Wednesday, August 12, 2015, 16:55 GMT+7
Weaker Chinese yuan to take toll on Vietnamese exporters
People push a trolley full of goods at the Lao Cai border gate between China and Vietnam on August 11, 2015.

With the devaluation of the Chinese yuan on Tuesday sparking fears of a global currency war, Vietnamese exporters also face immediate concerns as their goods are now more expensive in China, their major exporting market.

>> An audio version of the story is available here

The People's Bank of China devalued the yuan by 1.9 percent against the U.S. dollar, sending the currency to a four-year low, in a move to boost exports following a run of poor economic data, according to Reuters.

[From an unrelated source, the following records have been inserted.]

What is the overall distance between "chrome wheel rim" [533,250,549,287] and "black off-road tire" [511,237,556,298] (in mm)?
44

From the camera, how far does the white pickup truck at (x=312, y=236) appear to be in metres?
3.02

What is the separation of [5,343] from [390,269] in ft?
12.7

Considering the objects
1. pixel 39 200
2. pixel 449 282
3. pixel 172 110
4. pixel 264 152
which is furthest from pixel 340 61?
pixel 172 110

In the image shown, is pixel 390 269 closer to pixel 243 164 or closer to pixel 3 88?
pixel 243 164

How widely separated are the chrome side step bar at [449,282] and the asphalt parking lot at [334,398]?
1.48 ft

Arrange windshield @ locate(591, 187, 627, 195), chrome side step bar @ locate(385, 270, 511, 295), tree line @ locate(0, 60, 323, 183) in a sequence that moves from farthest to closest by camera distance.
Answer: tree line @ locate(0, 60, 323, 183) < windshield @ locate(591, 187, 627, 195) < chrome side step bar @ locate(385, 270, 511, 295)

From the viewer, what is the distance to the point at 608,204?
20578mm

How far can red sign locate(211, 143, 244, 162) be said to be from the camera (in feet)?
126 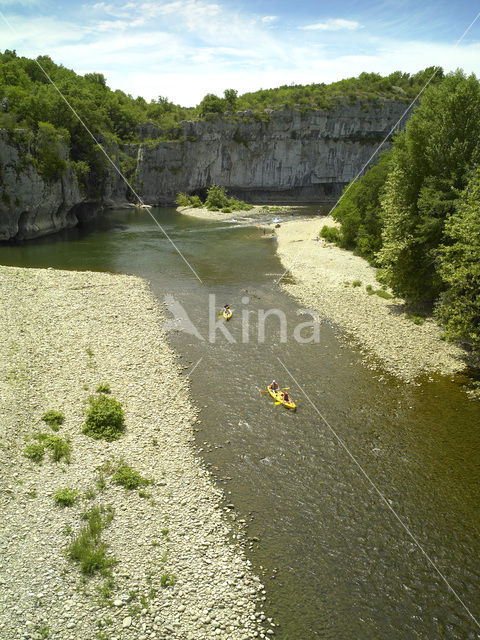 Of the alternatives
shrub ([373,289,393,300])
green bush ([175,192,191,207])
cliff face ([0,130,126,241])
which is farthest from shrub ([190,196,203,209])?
shrub ([373,289,393,300])

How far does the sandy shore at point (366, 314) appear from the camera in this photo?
923 inches

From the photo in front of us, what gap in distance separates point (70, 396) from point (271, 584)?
1176 centimetres

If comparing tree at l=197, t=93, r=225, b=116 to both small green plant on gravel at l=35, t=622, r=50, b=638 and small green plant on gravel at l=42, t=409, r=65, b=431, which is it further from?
small green plant on gravel at l=35, t=622, r=50, b=638

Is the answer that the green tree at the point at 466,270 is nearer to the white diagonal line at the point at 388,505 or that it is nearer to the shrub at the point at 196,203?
the white diagonal line at the point at 388,505

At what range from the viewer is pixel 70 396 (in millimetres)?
18672

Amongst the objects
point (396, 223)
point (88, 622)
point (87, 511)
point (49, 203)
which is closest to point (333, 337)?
point (396, 223)

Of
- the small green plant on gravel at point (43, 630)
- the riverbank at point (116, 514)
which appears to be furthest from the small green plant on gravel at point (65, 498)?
the small green plant on gravel at point (43, 630)

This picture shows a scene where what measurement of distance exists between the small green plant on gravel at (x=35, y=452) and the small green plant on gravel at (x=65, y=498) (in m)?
1.91

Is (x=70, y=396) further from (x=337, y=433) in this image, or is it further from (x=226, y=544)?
(x=337, y=433)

A cheaper yuan will help Chinese exports by making them less expensive on overseas markets, especially Vietnam, where Chinese goods of all kinds are widely available at already low prices.

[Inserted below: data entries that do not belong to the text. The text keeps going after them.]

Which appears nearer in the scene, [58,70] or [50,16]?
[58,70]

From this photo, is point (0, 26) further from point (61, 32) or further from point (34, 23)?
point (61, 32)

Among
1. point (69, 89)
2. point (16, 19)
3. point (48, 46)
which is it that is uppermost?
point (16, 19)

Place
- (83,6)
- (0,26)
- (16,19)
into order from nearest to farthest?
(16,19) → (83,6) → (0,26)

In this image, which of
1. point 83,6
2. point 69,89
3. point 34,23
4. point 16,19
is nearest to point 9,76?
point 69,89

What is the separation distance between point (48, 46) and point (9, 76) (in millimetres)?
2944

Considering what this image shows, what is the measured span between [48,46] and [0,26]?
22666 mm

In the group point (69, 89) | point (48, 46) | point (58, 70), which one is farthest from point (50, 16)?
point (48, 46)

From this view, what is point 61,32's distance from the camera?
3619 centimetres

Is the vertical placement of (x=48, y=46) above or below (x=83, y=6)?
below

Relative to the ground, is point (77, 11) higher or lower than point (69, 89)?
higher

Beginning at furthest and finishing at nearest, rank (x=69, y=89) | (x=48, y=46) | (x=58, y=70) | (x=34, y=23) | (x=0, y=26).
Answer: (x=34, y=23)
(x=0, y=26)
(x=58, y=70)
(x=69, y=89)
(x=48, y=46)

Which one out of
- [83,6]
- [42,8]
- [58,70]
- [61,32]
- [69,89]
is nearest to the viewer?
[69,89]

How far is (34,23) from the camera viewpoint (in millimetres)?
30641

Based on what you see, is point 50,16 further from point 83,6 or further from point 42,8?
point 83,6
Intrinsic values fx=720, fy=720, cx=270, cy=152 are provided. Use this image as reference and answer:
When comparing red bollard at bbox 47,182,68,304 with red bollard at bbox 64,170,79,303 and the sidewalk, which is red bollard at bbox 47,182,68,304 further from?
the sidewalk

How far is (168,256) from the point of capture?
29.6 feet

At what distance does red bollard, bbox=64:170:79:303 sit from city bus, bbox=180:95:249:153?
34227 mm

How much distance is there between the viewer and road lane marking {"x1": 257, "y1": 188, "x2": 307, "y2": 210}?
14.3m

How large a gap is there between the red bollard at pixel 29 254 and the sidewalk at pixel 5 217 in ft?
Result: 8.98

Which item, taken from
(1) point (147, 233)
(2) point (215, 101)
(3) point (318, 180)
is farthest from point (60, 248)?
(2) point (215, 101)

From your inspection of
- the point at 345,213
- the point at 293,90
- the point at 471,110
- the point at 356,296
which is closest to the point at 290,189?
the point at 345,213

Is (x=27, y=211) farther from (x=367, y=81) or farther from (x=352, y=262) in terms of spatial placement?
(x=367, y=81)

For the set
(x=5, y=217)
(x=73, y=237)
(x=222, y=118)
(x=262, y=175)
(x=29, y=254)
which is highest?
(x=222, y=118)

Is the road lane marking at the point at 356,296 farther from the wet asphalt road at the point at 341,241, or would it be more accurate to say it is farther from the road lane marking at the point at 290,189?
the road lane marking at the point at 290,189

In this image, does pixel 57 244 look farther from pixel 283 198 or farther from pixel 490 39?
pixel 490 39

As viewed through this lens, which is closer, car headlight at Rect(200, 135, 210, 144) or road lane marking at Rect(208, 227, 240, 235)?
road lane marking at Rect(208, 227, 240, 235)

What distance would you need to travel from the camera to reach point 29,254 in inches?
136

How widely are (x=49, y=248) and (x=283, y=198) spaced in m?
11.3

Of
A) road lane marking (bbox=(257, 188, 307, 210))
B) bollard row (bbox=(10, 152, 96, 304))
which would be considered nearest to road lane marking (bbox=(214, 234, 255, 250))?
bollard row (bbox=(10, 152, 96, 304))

Vietnamese manufacturers and exporters are scratching their heads over fears that they will have to cut prices, while Chinese imports will become far cheaper.

For Vietnamese cashew exporters, the devalued yuan is a double whammy, as the depreciation came after China increased the value-added tax for the product, one of Vietnam’s staples, from five percent to 13 percent, according to the Vietnam Cashew Association (Vinacas).

“I was still wondering why they hiked the VAT when I learned of the yuan devaluation,” Vinacas chairman Nguyen Duc Thanh told Tuoi Tre (Youth), after returning from a cashew exporter meeting in China.

With the cheaper yuan, Chinese importers have to pay more for signed contracts with payments in U.S. dollars.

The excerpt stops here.